Choosing a GPU platform: AMD and Nvidia

diep · Post by **diep** » Sat Jul 14, 2012 5:30 pm

johnhamlen wrote:Gerd, Sven, Edmund and Daniel have been kind enough to be giving me advice on SIMD friendly move generation over on this thread
http://www.talkchess.com/forum/viewtopic.php?t=43971

A good piece of advice from Daniel was that I should be:
...first picking up one of better gpus with the larger cache size. It is hard to fit everything on the L1.
I promised that I'd start a separate thread so ...... any thoughts on:

1) AMD vs Nvidia for compute devices. I've found this rather wonderful web-site on my travels http://www.clbenchmark.com/result.jsp . It seems like AMD's 7000 series have taken back the compute crown even though Nvidia's 600 series are winning all the frames-per-second gaming reviews.

2) It seems like many AMD cards report 32Kb of local memory whilst many Nvidia cards report 48Kb. Is this available to every processing element? e.g. The Nvidia GTX 550 Ti has 192 "CUDA cores", does that mean that every one of them has 48kb of local memory i.e. a total of 9Mb of fast, local memory split evenly across the device?

Many thanks in advance,
John

hi John,

things work different AMD versus Nvidia.

In AMD you have opencl and every SIMD must execute the same instructions at the same time (roughly).

In Nvidia every SIMD can execute a different instruction stream, so for SMP that's easier.

For Nvidia you have the Tesla series. Get a Fermi type tesla and you don't need much of a RAM of course.

Executing different instruction streams is a massive advantage for computerchess.

As for cache sizes, forget the caches, they work different from what you're used to.

L1 cache of Nvidia is 64 KB. You can choose how to split that up in instructioncache and datacache. This is not a datacache how you guess it works like.

AMD has separated caches there. It has a 8KB L1i and a local shared cache of 32KB.

8KB is a huge limitation for computerchess if i may say so.

If you don't want to get a tesla, get a Nvidia 580 to toy with.

Note there is a way to get things to work on AMD, but it's going to complicate things a lot for you, as you need several wavefronts after each other to get things done then. That's very complicated.

As for the GTX680, i'm not so sure you like that as a gpgpu platform. You need to research it for gpgpu.

For prime numbers is really slow that 680 but i didn't figure out details why and how. You want to do that.

For initial experiments i'd suggest pick up a cheap 2nd hand Fermi card from ebay.

Make sure it's a fermi with 32 cuda cores in each SIMD. Note all kind of names get mixed everywhere.

In OpenCL it's called compute unit. AMD has 64 cores in each compute unit.

The problem with gpgpu is your own time to figure out what speed every individual instruction is working on and how well the compiler is doing things for you.

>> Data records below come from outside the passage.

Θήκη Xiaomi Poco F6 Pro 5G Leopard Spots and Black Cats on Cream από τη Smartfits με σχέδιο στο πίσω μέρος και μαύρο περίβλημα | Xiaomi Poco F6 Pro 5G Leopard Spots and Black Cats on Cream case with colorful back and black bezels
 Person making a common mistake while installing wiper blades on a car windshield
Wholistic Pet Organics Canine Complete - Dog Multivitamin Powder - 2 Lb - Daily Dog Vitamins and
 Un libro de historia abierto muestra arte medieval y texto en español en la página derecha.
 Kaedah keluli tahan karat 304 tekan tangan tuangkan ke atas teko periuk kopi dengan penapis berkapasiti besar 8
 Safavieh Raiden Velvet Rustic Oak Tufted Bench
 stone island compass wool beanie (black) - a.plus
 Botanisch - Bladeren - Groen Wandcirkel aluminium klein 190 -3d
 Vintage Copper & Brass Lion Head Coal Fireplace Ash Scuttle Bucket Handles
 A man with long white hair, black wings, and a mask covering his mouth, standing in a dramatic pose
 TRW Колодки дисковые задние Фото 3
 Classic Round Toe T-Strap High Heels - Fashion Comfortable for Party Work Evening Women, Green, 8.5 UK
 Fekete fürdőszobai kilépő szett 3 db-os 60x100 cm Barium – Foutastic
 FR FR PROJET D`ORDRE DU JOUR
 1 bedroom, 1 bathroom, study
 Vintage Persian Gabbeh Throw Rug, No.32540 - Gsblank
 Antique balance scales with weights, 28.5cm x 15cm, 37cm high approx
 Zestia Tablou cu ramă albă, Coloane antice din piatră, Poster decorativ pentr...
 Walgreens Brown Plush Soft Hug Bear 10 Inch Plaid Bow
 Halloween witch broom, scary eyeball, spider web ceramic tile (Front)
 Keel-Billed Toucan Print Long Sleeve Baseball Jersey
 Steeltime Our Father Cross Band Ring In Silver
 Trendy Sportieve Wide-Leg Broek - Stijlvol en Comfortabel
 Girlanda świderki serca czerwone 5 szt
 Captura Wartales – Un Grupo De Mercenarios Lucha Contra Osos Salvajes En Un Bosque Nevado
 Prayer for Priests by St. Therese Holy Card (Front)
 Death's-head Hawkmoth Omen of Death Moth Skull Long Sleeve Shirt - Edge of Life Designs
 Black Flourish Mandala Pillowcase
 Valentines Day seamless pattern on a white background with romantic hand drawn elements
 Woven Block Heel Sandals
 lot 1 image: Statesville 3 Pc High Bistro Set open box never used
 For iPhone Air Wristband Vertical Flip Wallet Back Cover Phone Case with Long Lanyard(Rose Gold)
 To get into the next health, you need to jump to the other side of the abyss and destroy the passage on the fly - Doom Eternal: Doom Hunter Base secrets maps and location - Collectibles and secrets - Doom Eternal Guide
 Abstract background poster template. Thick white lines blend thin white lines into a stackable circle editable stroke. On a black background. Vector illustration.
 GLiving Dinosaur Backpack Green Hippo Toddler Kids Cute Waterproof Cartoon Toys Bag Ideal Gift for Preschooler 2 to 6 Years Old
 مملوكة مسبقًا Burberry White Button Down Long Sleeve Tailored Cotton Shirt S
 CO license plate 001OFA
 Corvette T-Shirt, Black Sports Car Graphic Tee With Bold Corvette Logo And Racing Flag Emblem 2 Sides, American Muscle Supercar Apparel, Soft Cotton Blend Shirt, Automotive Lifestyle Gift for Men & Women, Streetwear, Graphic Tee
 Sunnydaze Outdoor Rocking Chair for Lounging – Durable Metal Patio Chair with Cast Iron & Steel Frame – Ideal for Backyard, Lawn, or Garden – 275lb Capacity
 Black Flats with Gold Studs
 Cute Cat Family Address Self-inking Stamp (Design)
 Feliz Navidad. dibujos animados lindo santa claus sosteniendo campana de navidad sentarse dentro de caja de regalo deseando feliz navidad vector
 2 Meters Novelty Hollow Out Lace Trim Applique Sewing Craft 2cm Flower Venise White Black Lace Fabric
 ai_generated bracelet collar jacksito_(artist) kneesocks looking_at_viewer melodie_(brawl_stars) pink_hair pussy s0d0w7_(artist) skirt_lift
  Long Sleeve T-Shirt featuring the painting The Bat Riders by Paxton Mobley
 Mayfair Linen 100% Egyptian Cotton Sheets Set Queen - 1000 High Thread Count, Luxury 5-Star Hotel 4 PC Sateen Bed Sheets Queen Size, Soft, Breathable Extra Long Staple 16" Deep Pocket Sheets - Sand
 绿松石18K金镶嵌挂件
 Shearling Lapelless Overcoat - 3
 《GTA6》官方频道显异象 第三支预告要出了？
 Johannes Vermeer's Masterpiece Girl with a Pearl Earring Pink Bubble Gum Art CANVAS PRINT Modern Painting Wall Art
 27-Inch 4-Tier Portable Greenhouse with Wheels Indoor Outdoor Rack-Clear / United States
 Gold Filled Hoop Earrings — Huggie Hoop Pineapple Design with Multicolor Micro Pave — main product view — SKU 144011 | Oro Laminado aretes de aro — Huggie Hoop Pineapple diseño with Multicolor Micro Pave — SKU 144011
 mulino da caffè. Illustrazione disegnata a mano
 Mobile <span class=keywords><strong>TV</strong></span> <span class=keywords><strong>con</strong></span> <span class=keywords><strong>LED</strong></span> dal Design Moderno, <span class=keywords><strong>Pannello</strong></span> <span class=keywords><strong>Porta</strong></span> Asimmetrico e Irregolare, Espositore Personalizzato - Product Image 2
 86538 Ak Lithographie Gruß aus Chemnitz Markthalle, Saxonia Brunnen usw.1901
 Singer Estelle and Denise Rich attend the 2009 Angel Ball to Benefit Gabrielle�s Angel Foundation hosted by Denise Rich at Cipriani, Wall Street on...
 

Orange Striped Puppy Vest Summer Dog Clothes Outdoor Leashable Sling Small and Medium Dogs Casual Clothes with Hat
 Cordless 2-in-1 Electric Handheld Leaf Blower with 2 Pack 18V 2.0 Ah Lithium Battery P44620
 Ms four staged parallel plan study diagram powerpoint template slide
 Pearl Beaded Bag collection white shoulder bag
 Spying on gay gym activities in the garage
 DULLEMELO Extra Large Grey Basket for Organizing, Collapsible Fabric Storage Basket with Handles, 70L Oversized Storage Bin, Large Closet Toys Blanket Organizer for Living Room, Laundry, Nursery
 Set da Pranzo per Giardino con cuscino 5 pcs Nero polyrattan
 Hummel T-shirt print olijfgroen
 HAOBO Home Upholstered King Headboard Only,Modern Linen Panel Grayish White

The gpu's have in fact a lot of hardware instructions for conditional moves, replacing simple branches, but figuring out which branch the compiler understands to replace, that's gonna eat most of your time, as branches are too slow

diep · Post by **diep** » Sat Jul 14, 2012 5:53 pm

smatovic wrote:Looking for the Integer Throughput of different GPUs is a bit sophisticated...

Meanwhile i could imagine that Nvidias Fermi, (4xx, 5xx) have more Integer Throughput than AMDs 7xxx...

http://zeta-chess.blogspot.de/2012/07/i ... -gpus.html

http://zeta-chess.blogspot.de/2012/07/a ... gpgpu.html

--
Srdja

it is not clear to me why. maybe they just weakened the multiplication unit for 32 bits integers.

the 32x32 bits multiplication, not to mention double precision, is simply the thing that is part of weakest path in the gpu chip i would blindfolded guess.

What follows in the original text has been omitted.